El papel del poder legislativo como contrapeso del ejecutivo es crucial para asegurar mecanismos donde se identifique y castigue el abuso de poder. Además de aprobar los presupuestos públicos, mecanismo de contrapeso por excelencia, los legisladores tienen facultades para llamar a rendir cuentas a los titulares de las secretarías de Estado, designar a titulares a los organismos públicos autónomos y ratificar las propuestas del ejecutivo sobre diversos nombramientos.

Los procesos de designación y, sobre todo, los de ratificación, suelen entenderse lejos de la teoría democrática. Las designaciones públicas se convierten en un territorio de lucha por el poder político y negociaciones tras bambalinas que se traducen en la selección de perfiles alineados a los poderes políticos. Las ratificaciones, aún más limitadas, se convierten en mero trámite desde el cual los legisladores aprueban la selección del titular del ejecutivo sin discusión alguna.

En una verdadera democracia, estos procesos se realizan con una amplia deliberación pública, donde se exponen los criterios sobre las decisiones de los legisladores y se busca tomar las mejores decisiones en aras de la garantía de derechos y del fortalecimiento de las instituciones encargadas de regular el poder.

Hoy por hoy, las designaciones y ratificaciones que se realizan en el Senado y la Cámara de Diputados, así como en los congresos de los estados, suelen realizarse con poca discusión y privilegiando los acuerdos políticos entre partidos.

Son pocos los casos en los que se ha podido construir un proceso de designación abierto, transparente y participativo, el cual permita designar a los perfiles más idóneos y que sean independientes de los poderes políticos.
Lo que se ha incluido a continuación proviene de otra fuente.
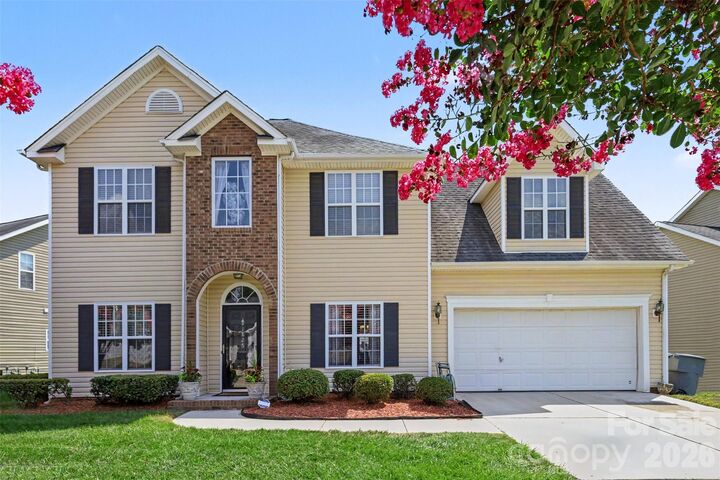 Property Photo: 1826 Conifer Circle NC 28213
Ejemplo de ello es la designación de los integrantes al Comité de Participación Ciudadana del Sistema Nacional Anticorrupción a inicios de año y la de los comisionados del Instituto Nacional de Transparencia, Acceso a la Información y Protección de Datos Personales (INAI) en 2014.

Es importante entender estos procesos como parte medular de la construcción democrática de un país. El voto debe dejar de entenderse como el único mecanismo de participación política de la ciudadanía, y debe dejar de ser un cheque en blanco para una clase política que carece de la costumbre de informar sobre sus acciones, rendir cuentas y que no incorpora la participación ciudadana en la toma de decisiones.

Lo que hoy pasa es que votamos por personas dentro de estructuras partidistasque al llegar al poder construirán los acuerdos necesarios para ir adquiriendo mayor poder. Difícilmente ejercerán las funciones de contrapeso si eso, en el futuro, les representa una pérdida de poder.

¿Cuántas veces hemos visto al Senado o la Cámara de Diputados rechazar una propuesta para ocupar un cargo público del presidente de la República? Esto no sucede, y no porque las propuestas del Ejecutivo sean buenas, sino porque se acuerdaen lo oscurito.

Procesos de designación tan cruciales como el de los magistrados anticorrupción se limitan a la presentación de una propuesta del Ejecutivo Federal para que el Senado le dé visto bueno a sabiendas de que no los van a rechazar. Porque la experiencia nos ha demostrado que, aún cuando hay severas críticas y rechazo de perfiles propuestos por el Ejecutivo, como lo fue el caso de Paloma Merodio a la Junta de Gobierno del INEGI, el Senado le aprobará lo que sea al presidente de la República.

Y, en este esquema, ¿qué papel jugamos las y los ciudadanos? La estructura electoral nos dirá que votemos para castigar y premiar, pero el problema es que sabemos que esto no depende del partido político que llegue al poder o que tenga mayoría en los congresos, ya que cuando llegan se comportan de manera muy similar. Debemos replantearnos la participación de la ciudadanía más allá del voto porque este no es la única forma de participar de lo público, de incidir en el poder.